# Air Studios Sold



## BL (Oct 6, 2018)

For anyone interested: https://www.pro-tools-expert.com/pr...6/air-studios-sold-to-russian-business-tycoon


----------



## jononotbono (Oct 6, 2018)

Breaking news... AIR will still be AIR, with everyone great that works there, working there.
Someone bought something. haha


----------



## jamwerks (Oct 6, 2018)

I wonder if Spitfire Audio will change their name to something like "Gudkov Audio" just for good measure?


----------



## Geoff Grace (Oct 7, 2018)

Regardless of who he is, I hope the new owner will build upon the proud legacy of the studio.

Best,

Geoff


----------



## ptram (Oct 7, 2018)

O my. I was still saving to purchase them!


----------



## chrisr (Oct 10, 2018)

I think this is the first nail in the coffin of Air Lyndhurst, and I expect the incredible staff and freelancers who've just been sold up the river probably feel the same way.


----------



## chrisr (Oct 10, 2018)

I expect Air Lyndhurst's turnover / bookings have never been healthier than in the past 5-10 years, so i think it's a different dynamic Gunther.

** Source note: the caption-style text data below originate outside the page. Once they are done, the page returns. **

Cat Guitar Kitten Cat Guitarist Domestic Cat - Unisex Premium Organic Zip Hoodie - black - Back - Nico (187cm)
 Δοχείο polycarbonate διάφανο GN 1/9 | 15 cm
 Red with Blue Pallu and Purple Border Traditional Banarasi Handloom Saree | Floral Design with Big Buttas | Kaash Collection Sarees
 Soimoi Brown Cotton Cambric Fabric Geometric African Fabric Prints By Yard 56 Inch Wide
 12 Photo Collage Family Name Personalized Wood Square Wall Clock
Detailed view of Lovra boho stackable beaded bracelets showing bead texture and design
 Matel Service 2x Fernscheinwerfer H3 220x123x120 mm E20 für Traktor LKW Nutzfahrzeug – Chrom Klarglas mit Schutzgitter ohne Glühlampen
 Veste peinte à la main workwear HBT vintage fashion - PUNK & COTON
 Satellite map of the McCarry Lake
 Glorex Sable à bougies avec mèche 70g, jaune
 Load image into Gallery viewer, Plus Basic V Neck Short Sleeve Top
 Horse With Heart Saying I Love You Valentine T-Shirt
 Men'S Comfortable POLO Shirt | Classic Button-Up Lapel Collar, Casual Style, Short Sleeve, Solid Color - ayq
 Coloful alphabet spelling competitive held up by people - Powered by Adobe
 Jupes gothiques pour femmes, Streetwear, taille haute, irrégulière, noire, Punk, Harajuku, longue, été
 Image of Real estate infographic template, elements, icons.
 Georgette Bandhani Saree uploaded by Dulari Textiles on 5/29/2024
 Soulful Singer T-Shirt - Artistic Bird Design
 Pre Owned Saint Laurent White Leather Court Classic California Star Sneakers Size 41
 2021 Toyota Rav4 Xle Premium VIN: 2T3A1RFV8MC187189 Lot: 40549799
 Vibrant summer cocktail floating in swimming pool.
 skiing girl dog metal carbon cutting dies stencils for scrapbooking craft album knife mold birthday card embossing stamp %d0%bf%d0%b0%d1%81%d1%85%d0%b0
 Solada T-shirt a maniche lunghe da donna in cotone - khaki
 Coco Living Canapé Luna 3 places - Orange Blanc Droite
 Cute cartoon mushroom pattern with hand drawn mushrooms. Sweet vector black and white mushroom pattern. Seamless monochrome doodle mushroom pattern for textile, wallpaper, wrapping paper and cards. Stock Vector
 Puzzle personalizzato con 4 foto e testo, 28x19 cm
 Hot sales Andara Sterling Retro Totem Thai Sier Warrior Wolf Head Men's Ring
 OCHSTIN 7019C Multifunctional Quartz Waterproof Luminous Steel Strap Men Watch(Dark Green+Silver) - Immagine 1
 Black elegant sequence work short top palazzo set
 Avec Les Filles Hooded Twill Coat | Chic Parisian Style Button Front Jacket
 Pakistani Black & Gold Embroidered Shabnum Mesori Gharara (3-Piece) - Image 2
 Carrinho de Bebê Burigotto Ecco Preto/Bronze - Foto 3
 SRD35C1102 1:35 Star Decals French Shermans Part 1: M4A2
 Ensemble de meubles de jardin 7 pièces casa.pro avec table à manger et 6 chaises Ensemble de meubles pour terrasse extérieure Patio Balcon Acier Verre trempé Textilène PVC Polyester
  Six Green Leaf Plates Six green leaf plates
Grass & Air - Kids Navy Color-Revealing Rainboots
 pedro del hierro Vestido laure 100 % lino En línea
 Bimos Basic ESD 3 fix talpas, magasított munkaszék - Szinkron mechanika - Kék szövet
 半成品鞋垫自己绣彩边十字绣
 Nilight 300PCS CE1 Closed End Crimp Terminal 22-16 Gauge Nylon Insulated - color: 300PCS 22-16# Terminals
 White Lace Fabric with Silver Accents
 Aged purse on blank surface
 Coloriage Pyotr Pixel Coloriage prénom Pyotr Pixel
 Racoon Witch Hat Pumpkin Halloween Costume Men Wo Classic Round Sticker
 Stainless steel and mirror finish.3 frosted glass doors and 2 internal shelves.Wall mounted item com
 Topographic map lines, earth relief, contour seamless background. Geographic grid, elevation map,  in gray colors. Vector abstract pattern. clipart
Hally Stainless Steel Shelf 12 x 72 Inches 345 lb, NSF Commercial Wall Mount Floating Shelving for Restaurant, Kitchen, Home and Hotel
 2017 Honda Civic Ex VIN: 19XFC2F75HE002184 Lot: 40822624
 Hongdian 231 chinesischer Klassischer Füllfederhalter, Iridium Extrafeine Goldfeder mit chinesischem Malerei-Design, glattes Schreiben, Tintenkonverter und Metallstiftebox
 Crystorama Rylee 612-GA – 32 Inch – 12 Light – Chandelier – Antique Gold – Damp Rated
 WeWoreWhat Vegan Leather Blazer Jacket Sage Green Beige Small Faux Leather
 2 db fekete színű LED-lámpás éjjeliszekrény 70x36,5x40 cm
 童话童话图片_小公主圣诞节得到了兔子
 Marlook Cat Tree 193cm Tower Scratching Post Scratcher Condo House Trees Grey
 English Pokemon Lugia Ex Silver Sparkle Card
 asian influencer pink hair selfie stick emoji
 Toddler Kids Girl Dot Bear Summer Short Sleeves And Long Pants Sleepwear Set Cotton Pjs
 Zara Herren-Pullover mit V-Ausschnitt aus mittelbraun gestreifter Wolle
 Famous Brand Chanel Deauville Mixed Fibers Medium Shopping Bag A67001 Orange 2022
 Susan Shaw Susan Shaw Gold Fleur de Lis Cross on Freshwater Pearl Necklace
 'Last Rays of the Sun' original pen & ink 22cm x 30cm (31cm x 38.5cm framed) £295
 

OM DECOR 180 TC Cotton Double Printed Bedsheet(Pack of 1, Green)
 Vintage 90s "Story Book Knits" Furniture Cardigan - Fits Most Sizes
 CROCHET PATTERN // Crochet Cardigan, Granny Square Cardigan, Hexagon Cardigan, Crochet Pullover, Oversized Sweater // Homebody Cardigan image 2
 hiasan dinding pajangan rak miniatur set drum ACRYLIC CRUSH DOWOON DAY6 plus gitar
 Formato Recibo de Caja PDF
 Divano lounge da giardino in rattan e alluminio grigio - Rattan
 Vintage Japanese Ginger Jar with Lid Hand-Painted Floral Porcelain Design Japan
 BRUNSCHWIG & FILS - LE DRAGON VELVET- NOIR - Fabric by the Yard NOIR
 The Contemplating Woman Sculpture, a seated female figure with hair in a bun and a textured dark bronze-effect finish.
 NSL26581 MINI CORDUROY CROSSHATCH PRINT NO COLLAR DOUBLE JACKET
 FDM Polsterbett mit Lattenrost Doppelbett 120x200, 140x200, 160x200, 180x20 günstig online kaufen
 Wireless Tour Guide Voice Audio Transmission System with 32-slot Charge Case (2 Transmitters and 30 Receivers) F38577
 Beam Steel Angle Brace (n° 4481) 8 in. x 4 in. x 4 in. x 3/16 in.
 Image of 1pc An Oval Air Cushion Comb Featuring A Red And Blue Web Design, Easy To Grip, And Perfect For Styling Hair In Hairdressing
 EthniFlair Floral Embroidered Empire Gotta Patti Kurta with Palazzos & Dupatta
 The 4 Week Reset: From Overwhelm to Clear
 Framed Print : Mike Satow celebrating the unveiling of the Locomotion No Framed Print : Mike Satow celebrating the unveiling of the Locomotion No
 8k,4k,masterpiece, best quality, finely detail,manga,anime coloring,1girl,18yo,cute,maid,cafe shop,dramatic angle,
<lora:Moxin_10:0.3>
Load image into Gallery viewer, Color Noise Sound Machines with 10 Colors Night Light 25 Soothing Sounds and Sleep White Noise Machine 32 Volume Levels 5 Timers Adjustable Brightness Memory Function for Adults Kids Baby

*** edit the above sentence was just responding to a post that's been moved by Mike - I try not to have conversations with myself too often ) ****

I bet Mr & Mrs Demin have already scheduled their 1st karaoke session by now...

"They said they love music" ...ffs.


----------



## ptram (Oct 11, 2018)

Seen what Demin has done to an historical mansion in the Dorset, we can expect the studios to be transformed in some high-tech disco club.

https://www.cnbc.com/2013/09/26/sandbanks-russian-snap-up-luxury-dorset-mansions.html


----------



## Mike Greene (Oct 11, 2018)

I've moved the political part of the discussion to this new thread:
https://vi-control.net/community/threads/spinoff-of-air-studio-sale-the-russians-part.75697/


----------



## chrisr (Sep 6, 2019)

Bumping this...

Now we're almost a year on from the sale - has the past year been business as usual for the studio and it's staff? Anyone with any insights they would like to share?

I'm guessing the lack of any particular news means that my apocalyptic predictions above failed to materialise and that actually things have been chugging along just as before. Think I was (drunk?) a bit overly dramatic in my response in the posts above!

Anyway - would be good to hear that the studio is deemed still to be in safe hands, now that some time has passed?


----------



## thereus (Sep 6, 2019)

Recorded there a couple of months ago. Nothing out of the ordinary.


----------



## chrisr (Sep 6, 2019)

Good-o, thanks, and glad to hear it


----------